However, as Sembene struggled along with millions of
others for revolutionary change at the international level, he also felt
alienated by the absence of "revolutionary" artists and writers from Africa.
Sembene was deeply aware of the urgent need for political and social change in Africa
and strongly believed that the struggle against colonialism is not solely a
fight over who should own the land —
it is also a contest over who has the right to
represent whom. For Sembene, the terrain of artistic and cultural
representation and the need to invest in Africa became a passion for him,
what Albert Camus called "Une
valeur," that which transcends one's own life.
Since 1956, Sembene's daily life
has been devoted to the dissemination of emancipating and restorative images
for those Frantz Fanon named "the Wretched of the Earth," the
disenfranchised Africans whose unsung struggles are a "daily heroism"
(the title of Sembene's latest trilogy of films). Yet
for Sembene, in both literature and film, the work of "art" should
not be a mere re-presentation of "reality," or "une pancarte," a political
banner.
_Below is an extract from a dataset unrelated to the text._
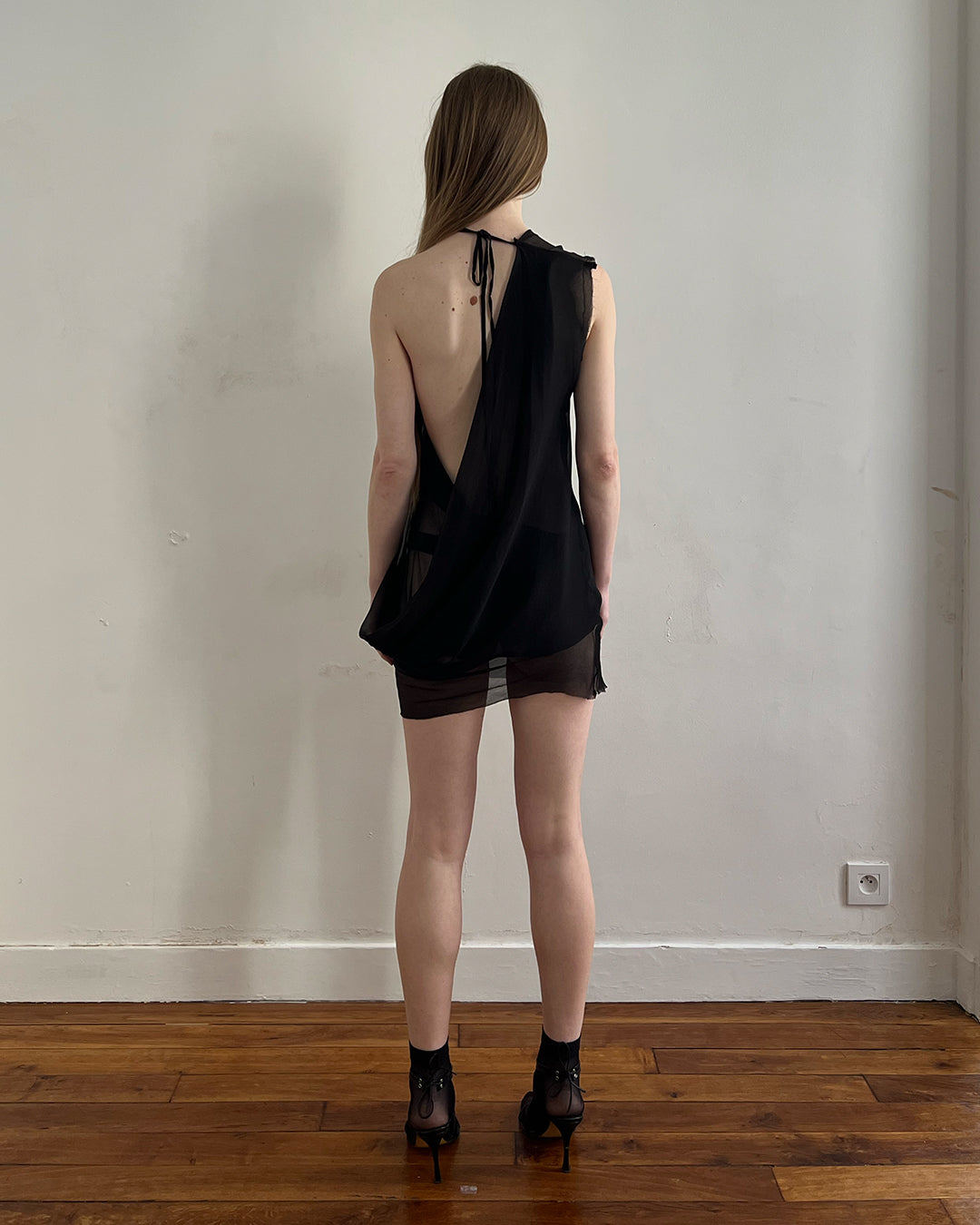 RAAGGGEEEE Asym Drape Silk Dress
In order to capture the imagination of the people they
"speak" to and for, those symbols first must be intelligible to them.
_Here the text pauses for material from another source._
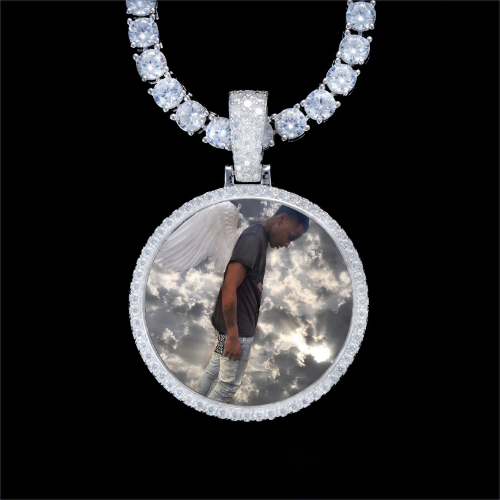 925S & VVS Moissanite 3D Circle Custom Picture Pendant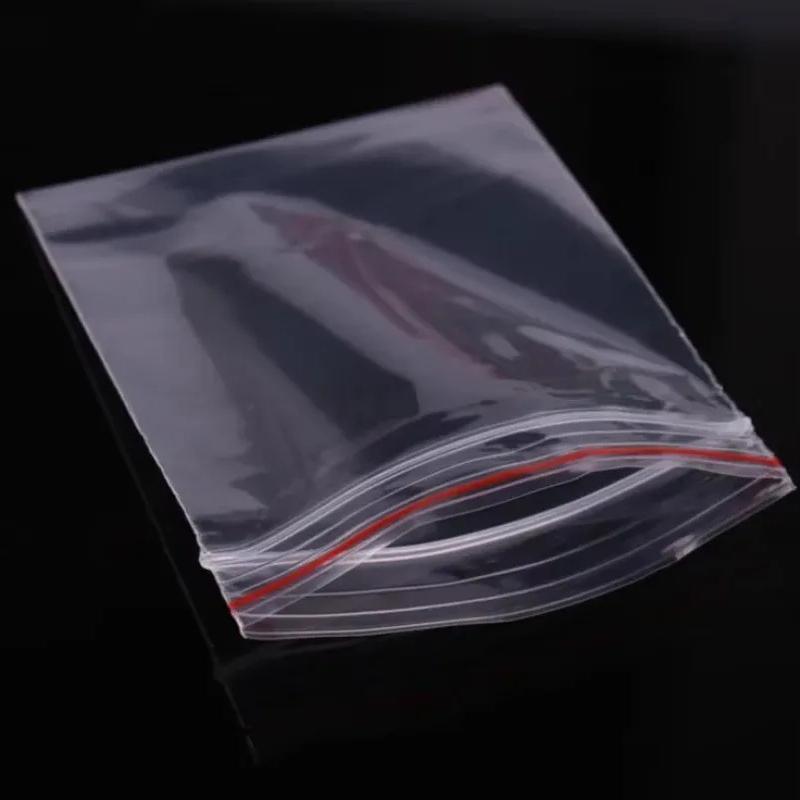 80 Microns 500-100PCS/bag, High Transparent PE Zipper Bag Reusable Plastic Self Sealing Bag Sugar Candy Dry Gift Storage Bag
They must stem from and reflect their cultural universe. At work in Sembene's art is to project a genuine African film language
that also entertains a dialogical relationship with other world cultures.
Nowadays, in the U.S.
and around the world, Sembene is best known as a filmmaker. However, it should
be clear that he uses cinema to bring home what the widespread illiteracy in
the continent does not allow him to accomplish through his writing. Sembene
came to filmmaking as a last resort, and most of his film works (except Xala, 1973, and Guelwaar, 1993)
are adaptations of earlier novels or short stories. Already in 1938, when
movie-going had become a passion, Sembene realized the magical power of cinema
in conveying messages. Ironically, the spark came from the viewing of Leni Riefenstahl's Olympiad, a documentary on the 1936 Munich
Olympic games by one of Hitler's favorite filmmaker s.
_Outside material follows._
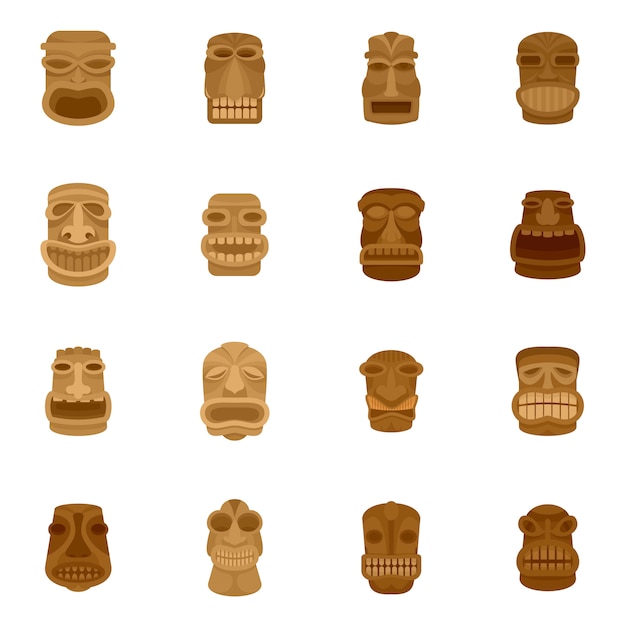 Tiki idol aztec hawaii face icons set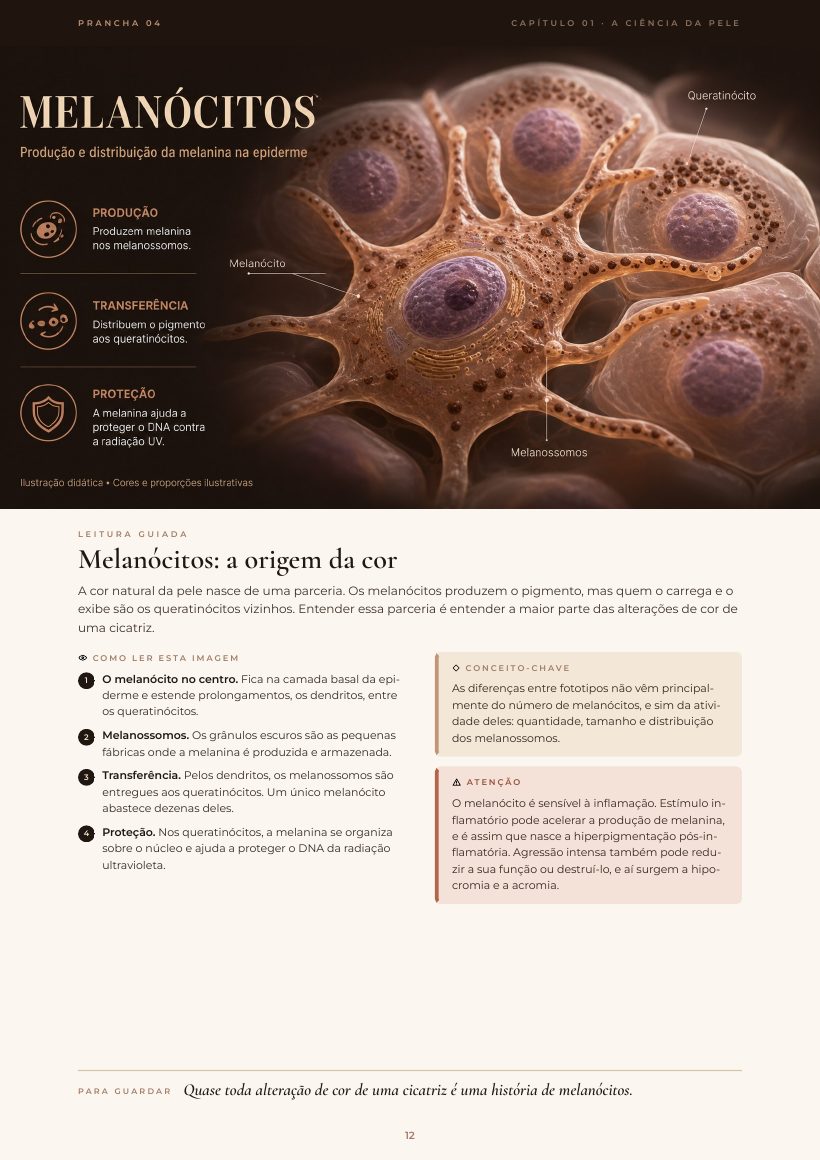 Página do e-book: Melanócitos: a origem da cor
Touring the continent in 1961 — he was sailing along the Congo River in the middle of the
short-lived vitality of the Patrice Lumumba era —
Sembene is said to have had a vision: there are landscapes, people, movements
and sounds to which no written document can do justice. Then it dawned on him
the necessity and desire to make movies — the technology and art of motion,
color, and sound. He was not thinking of movies for escapism and dream-making
in the Hollywood paradigm, but movies as
"e'cole du soir" (night school). His efforts became aimed at
educating the people, in the language of the people, following in the
millennia-long tradition of many African oral cultures in which people gathered
around a wood fire and listened to stories told by either the griot (a professional storyteller) or by the elders.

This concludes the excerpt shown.